Small!
- The first rule of functions is that they should be small.
- The second rule of functions is that they should be smaller than that.
There are no references to any research to justify these two assertions, but they come from the author’s experience.
The blocks within if statements, else statements, while statements and so on should be one line long. Probably, that line should be a function call and, if you do so, you get two advantages:
- it keeps the enclosing function small;
- it adds documentary value because the function called within the block can have a nicely descriptive name.
Do one thing
One of the most important rules about functions:
Do One Thing
Functions should do one thing. They should do it well. They should do it only.

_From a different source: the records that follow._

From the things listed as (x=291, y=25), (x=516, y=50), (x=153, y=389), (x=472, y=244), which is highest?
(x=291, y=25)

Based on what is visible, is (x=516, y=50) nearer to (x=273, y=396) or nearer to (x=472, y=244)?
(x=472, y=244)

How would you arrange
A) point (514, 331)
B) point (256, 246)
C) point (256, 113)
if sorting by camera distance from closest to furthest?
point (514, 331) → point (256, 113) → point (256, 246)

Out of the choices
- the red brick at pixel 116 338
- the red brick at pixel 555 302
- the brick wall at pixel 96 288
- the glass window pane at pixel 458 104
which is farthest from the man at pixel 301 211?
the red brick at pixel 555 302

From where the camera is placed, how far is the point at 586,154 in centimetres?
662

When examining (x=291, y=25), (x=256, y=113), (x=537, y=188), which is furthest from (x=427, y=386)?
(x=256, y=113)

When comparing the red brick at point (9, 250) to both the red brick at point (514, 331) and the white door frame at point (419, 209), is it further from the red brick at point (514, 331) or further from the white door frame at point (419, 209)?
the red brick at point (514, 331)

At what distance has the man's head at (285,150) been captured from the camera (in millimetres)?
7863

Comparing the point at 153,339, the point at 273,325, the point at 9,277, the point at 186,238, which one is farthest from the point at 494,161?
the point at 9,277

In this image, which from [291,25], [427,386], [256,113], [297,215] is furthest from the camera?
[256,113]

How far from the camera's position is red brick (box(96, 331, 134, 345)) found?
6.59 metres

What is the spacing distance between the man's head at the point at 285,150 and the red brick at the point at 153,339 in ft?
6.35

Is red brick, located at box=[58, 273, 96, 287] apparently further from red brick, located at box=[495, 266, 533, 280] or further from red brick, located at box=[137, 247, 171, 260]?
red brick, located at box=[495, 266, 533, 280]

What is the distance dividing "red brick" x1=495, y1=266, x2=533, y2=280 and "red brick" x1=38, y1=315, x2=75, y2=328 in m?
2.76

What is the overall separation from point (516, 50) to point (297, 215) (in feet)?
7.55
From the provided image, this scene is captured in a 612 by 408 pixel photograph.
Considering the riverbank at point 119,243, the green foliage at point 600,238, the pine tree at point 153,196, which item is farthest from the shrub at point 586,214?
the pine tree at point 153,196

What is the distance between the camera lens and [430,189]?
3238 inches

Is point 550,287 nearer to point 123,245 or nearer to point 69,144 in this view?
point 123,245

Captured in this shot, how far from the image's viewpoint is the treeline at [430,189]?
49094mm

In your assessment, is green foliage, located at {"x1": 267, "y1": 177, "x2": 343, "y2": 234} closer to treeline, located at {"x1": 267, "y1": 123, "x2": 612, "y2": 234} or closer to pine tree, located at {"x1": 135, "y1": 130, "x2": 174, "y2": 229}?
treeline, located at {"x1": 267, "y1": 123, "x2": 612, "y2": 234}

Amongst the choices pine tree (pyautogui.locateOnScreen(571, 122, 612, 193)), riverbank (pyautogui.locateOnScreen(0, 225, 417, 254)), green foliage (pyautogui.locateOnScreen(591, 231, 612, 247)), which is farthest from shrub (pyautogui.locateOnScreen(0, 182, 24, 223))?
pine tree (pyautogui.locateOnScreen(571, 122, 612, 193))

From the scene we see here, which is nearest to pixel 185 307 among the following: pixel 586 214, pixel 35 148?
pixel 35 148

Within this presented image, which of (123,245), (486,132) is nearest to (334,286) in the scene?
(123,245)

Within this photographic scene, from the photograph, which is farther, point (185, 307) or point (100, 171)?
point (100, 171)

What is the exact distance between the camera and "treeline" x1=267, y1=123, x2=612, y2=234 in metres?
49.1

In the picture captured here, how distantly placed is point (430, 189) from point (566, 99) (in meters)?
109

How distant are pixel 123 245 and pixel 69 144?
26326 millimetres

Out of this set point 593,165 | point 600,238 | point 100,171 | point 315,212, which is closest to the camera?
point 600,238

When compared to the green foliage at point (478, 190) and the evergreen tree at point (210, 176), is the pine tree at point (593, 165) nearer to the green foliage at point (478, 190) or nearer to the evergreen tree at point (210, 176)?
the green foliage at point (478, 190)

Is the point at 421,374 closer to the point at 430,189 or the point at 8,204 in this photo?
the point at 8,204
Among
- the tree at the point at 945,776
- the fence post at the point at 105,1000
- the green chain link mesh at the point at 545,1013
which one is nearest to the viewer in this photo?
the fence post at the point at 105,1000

Sometimes is not immediate to know what “one thing” is. Let’s consider this function:
public static String renderePageWithSetupAndTeardowns (
PageData pageData, boolean isSuite) throws Exception {
if (isTestPage(pageData))
includeSetupAndTeardownPages(pageData, isSuite);
return pageData.getHtml();
}This function performs the inclusion of some setup and teardown pages into a test page and then renders that page into HTML. The operations it’s performing are three:
- determining whether the page is a test page;
- if so, including setups and teardowns;
- rendering the page in HTML;
Is this function doing one thing or three things? Notice that the three steps of the function are one level of abstraction below the stated name of the function. We can describe the function as a “TO paragraph” where each sentence corresponds to a step in the function at the same level of abstraction: “To RenderPageWithSetupsAndTeardowns, we check to see whether the page is a test page, and if so, we include the setups and teardowns. In either case, we render the page in HTML.” If a function does only those steps that are one level below the stated name of the function, then the function is doing one thing.
We could extract the if statement into a function named includeSetupAndTeardownsIfTestPage, but that simply restates the code without changing the level of abstraction.
Use Descriptive Names
The name of a function describes what the function itself does.

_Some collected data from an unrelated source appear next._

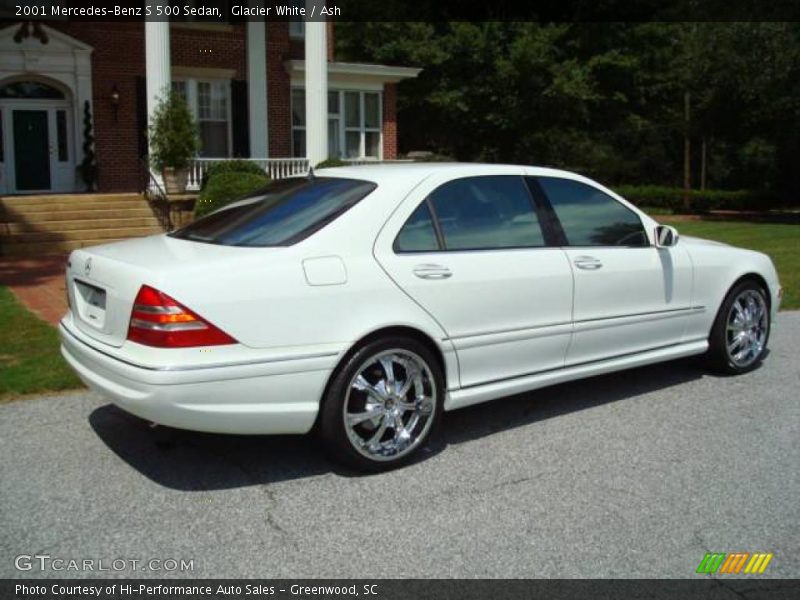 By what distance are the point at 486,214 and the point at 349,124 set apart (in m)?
19.6

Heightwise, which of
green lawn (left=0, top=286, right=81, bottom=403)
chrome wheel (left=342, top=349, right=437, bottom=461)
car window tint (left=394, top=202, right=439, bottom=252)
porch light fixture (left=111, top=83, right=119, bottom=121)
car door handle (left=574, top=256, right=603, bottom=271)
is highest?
porch light fixture (left=111, top=83, right=119, bottom=121)

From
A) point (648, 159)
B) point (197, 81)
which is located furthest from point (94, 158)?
point (648, 159)

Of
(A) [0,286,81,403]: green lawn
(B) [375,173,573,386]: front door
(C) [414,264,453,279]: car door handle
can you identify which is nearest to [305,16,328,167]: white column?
(A) [0,286,81,403]: green lawn

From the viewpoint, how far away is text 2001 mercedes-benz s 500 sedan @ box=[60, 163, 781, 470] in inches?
160

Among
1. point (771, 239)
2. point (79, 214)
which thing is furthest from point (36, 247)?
point (771, 239)

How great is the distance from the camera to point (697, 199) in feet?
109

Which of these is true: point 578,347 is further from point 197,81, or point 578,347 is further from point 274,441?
point 197,81

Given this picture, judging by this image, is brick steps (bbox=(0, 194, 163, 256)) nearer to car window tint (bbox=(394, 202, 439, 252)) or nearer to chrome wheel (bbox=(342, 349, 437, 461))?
car window tint (bbox=(394, 202, 439, 252))

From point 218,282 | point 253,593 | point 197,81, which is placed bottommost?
point 253,593

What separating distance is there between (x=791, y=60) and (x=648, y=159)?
51.2ft

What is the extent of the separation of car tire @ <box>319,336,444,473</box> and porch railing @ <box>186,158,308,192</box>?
562 inches

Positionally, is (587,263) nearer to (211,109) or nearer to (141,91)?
(141,91)

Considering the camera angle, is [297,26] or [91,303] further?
[297,26]

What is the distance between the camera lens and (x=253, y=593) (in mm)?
3256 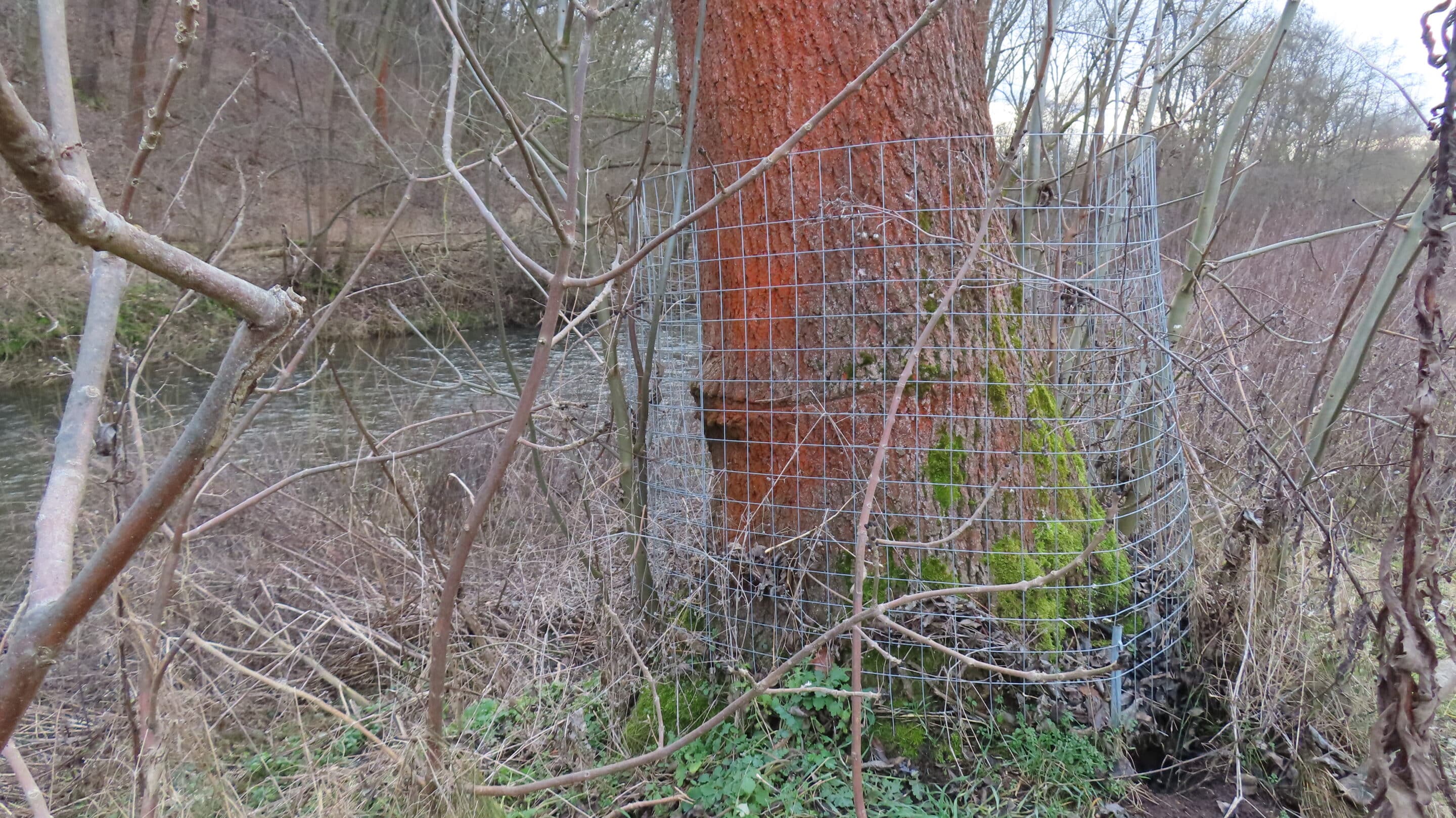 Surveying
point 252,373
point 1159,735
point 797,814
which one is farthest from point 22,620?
point 1159,735

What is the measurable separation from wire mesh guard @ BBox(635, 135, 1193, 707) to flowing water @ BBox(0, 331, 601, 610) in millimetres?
1220

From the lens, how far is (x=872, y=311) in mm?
2527

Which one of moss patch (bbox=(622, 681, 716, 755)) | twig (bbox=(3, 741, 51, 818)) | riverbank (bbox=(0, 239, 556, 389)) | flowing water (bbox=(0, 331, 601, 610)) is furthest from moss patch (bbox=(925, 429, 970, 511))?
riverbank (bbox=(0, 239, 556, 389))

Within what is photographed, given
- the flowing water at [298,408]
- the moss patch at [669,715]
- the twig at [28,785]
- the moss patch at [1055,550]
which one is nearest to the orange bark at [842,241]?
the moss patch at [1055,550]

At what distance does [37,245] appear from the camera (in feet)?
34.7

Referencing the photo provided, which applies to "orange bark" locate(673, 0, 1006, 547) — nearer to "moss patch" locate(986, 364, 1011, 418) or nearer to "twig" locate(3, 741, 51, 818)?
"moss patch" locate(986, 364, 1011, 418)

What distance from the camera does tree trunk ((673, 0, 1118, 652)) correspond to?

The smaller and more focused a function is, the easier it is to choose a descriptive name. Furthermore, don’t be afraid to make a name long because a long descriptive name is better than a short enigmatic name.
Function Arguments
The ideal number of arguments for a function is zero (niladic). Next comes one (monadic), followed closely by two (dyadic). Three arguments (triadic) should be avoided where possible. More than three (polyadic) requires very special justification—and then shouldn’t be used anyway.
Arguments are hard:
- readers have to interpret each time they see them because the argument is at a different level of abstraction than the function name and forces the used to know the details;
- from a testing point of view, it would be difficult to write all the test cases to ensure that all the various combinations of arguments work properly. With no arguments, this would be trivial.
Output arguments are harder to understand than input arguments because we are used to the idea of information going in to the function through arguments and out through the return value, and we don’t usually expect information to go out through the arguments.
Common Monadic Forms
There are two very common reasons to pass a single argument into a function:
- ask a question about that argument, as in
boolean fileExists('MyFile'); - operate on that argument, transforming it into something else and returning it.
A less common use for monadic functions is to describe an event. In this form there is an input argument but no output argument. Usually that argument serves to alter the state of the system. An example is void passwordAttemptFailedNtimes(int attempts).
Try to avoid monadic functions that don’t follow these forms. For example, using an output argument instead of a return value for transformation is confusing. If a function is going to transform its input argument, the transformation should appear as the return value.
Flag Arguments
Flag arguments are ugly. Passing a boolean into a function is a terrible practice. It complicates the method’s signature, loudly proclaiming that this function does more than one thing. In this case, we should split the function into two separate functions.
Dyadic Functions
There are cases where two arguments are appropriate. For example, cartesian points naturally take two arguments, such as: Point p = new Point(0, 0);. On the other hand, obvious dyadic functions like assertEquals(expected, actual) are problematic because it’s not immediate to remember that the expected is the first argument and the actual is the second argument.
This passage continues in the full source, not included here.